Give the following records again in full and without alteration.
◆ ◆ ◆ ◆ ◆
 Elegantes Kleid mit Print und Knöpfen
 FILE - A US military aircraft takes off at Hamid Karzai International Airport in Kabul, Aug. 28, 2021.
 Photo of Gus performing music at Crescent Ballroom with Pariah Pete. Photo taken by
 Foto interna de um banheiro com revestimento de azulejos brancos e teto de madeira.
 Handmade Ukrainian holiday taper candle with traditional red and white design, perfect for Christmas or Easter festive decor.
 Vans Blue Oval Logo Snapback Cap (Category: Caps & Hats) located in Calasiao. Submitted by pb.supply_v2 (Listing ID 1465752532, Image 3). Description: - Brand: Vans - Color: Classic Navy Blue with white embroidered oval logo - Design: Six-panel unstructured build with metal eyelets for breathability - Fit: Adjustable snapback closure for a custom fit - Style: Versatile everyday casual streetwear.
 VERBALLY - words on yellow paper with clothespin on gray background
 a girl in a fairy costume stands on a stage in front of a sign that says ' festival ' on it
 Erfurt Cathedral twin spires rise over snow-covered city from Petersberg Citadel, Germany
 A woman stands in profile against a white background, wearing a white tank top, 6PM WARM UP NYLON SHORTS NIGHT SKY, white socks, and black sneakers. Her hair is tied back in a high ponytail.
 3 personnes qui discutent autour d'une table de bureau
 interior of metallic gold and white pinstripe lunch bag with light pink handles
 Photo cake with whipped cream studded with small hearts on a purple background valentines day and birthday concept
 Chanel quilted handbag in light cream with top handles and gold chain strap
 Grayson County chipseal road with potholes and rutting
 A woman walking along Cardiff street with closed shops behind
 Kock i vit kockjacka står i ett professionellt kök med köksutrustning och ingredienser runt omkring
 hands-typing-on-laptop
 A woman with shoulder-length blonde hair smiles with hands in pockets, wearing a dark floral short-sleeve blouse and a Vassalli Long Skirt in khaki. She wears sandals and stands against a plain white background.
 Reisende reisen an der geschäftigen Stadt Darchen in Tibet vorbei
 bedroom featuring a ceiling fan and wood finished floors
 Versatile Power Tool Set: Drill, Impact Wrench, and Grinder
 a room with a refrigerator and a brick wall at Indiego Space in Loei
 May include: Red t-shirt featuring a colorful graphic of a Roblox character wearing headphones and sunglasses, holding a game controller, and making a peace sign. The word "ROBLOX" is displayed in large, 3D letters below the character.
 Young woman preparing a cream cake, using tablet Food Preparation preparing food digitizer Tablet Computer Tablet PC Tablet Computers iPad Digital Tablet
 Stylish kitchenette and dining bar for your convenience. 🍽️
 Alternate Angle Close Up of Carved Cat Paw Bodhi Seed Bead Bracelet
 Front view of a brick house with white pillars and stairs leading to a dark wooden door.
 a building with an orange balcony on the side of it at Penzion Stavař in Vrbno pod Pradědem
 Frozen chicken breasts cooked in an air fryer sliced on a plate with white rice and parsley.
◆ ◆ ◆ ◆ ◆
Answer to the problem.
 Elegantes Kleid mit Print und Knöpfen
 FILE - A US military aircraft takes off at Hamid Karzai International Airport in Kabul, Aug. 28, 2021.
 Photo of Gus performing music at Crescent Ballroom with Pariah Pete. Photo taken by
 Foto interna de um banheiro com revestimento de azulejos brancos e teto de madeira.
 Handmade Ukrainian holiday taper candle with traditional red and white design, perfect for Christmas or Easter festive decor.
 Vans Blue Oval Logo Snapback Cap (Category: Caps & Hats) located in Calasiao. Submitted by pb.supply_v2 (Listing ID 1465752532, Image 3). Description: - Brand: Vans - Color: Classic Navy Blue with white embroidered oval logo - Design: Six-panel unstructured build with metal eyelets for breathability - Fit: Adjustable snapback closure for a custom fit - Style: Versatile everyday casual streetwear.
 VERBALLY - words on yellow paper with clothespin on gray background
 a girl in a fairy costume stands on a stage in front of a sign that says ' festival ' on it
 Erfurt Cathedral twin spires rise over snow-covered city from Petersberg Citadel, Germany
 A woman stands in profile against a white background, wearing a white tank top, 6PM WARM UP NYLON SHORTS NIGHT SKY, white socks, and black sneakers. Her hair is tied back in a high ponytail.
 3 personnes qui discutent autour d'une table de bureau
 interior of metallic gold and white pinstripe lunch bag with light pink handles
 Photo cake with whipped cream studded with small hearts on a purple background valentines day and birthday concept
 Chanel quilted handbag in light cream with top handles and gold chain strap
 Grayson County chipseal road with potholes and rutting
 A woman walking along Cardiff street with closed shops behind
 Kock i vit kockjacka står i ett professionellt kök med köksutrustning och ingredienser runt omkring
 hands-typing-on-laptop
 A woman with shoulder-length blonde hair smiles with hands in pockets, wearing a dark floral short-sleeve blouse and a Vassalli Long Skirt in khaki. She wears sandals and stands against a plain white background.
 Reisende reisen an der geschäftigen Stadt Darchen in Tibet vorbei
 bedroom featuring a ceiling fan and wood finished floors
 Versatile Power Tool Set: Drill, Impact Wrench, and Grinder
 a room with a refrigerator and a brick wall at Indiego Space in Loei
 May include: Red t-shirt featuring a colorful graphic of a Roblox character wearing headphones and sunglasses, holding a game controller, and making a peace sign. The word "ROBLOX" is displayed in large, 3D letters below the character.
 Young woman preparing a cream cake, using tablet Food Preparation preparing food digitizer Tablet Computer Tablet PC Tablet Computers iPad Digital Tablet
 Stylish kitchenette and dining bar for your convenience. 🍽️
 Alternate Angle Close Up of Carved Cat Paw Bodhi Seed Bead Bracelet
 Front view of a brick house with white pillars and stairs leading to a dark wooden door.
 a building with an orange balcony on the side of it at Penzion Stavař in Vrbno pod Pradědem
 Frozen chicken breasts cooked in an air fryer sliced on a plate with white rice and parsley.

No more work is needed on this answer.